The Main Street dream of being your own boss, of trading for a living is exploited to the max by system vendors and trader education providers. Come to think of it, isn’t that’s how outfitters and map sellers made fortunes from those heading to the California Gold Rush?
I’ve always stated that it’s important to have a diversified source of income. The brokerage firm provides back office services and collects fees for corporate finance activities. Hedge funds become banks. Traders are paid salaries from administrative fees paid by clients and that’s why funds are now holding them hostage:
Hedge Funds Hold Investors ‘Hostage’ After Rebound
The founder of New York-based ARIS Capital Management LLC, which has about $250 million invested in hedge funds, is still waiting to get back $155 million from 22 managers that restricted withdrawals in 2008.

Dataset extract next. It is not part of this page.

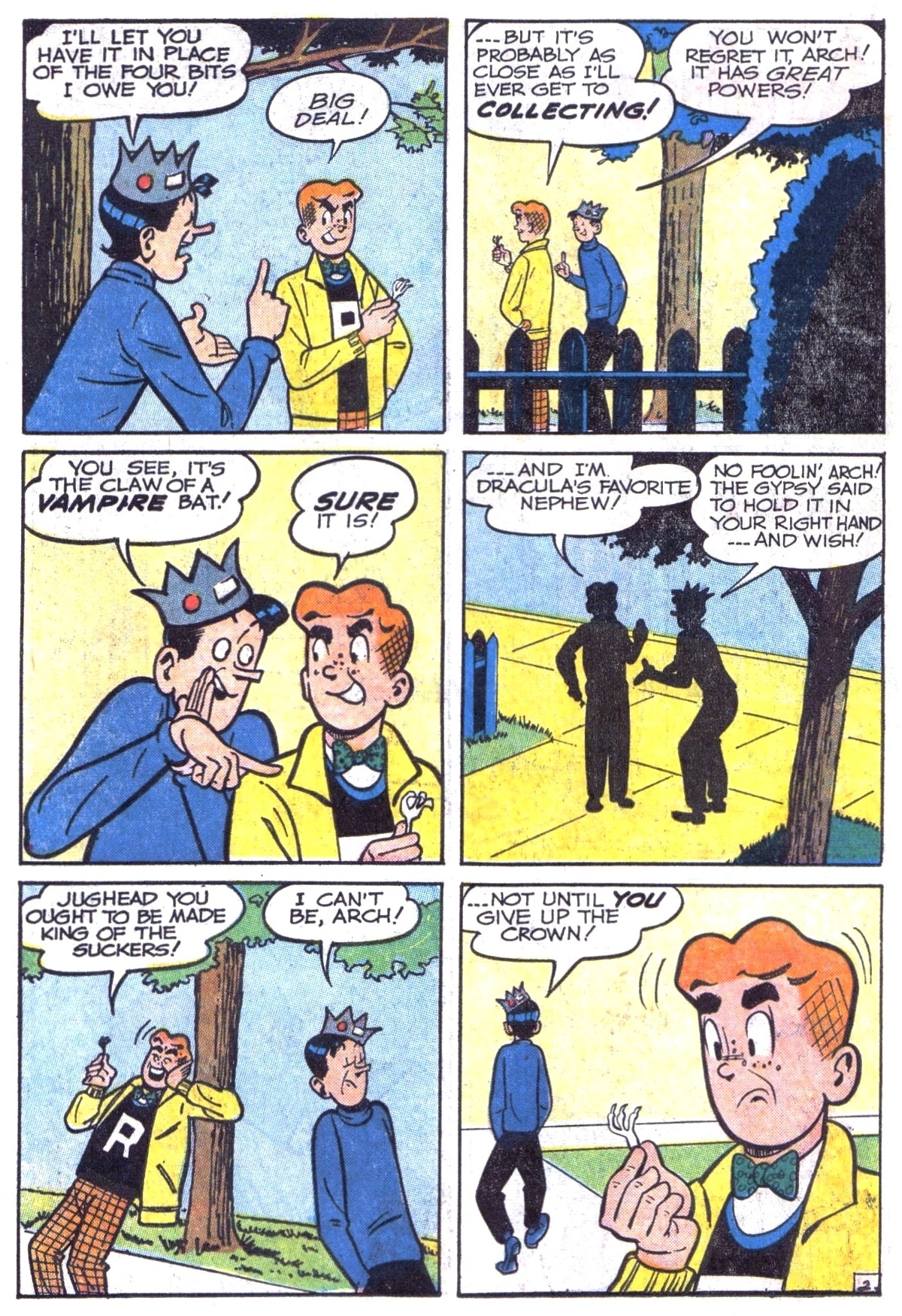 Read online Archie (1960) comic -  Issue #128 - 14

“We don’t object to the illiquidity,” Papastavrou said in an interview. “We object to how some managers are abusing the situation and holding investors’ money hostage to generate fees.”
About $77 billion in hedge fund assets that were frozen during the credit crisis are still restricted, according to estimates by Credit Suisse Tremont Index LLC, even after the biggest stock-market rebound since the 1930s and a record rally in credit markets revived demand for some assets considered illiquid a year ago. D.E. Shaw & Co., Highland Capital Management LP and Harbinger Capital Partners LLC are among firms that have yet to return money to clients.
Who cares about bad PR when two percent of $77 billion means $1.54 billion in administrative fees for 2010. No one in the business counts on trading profits to pay the monthly bills. Don’t ever forget that.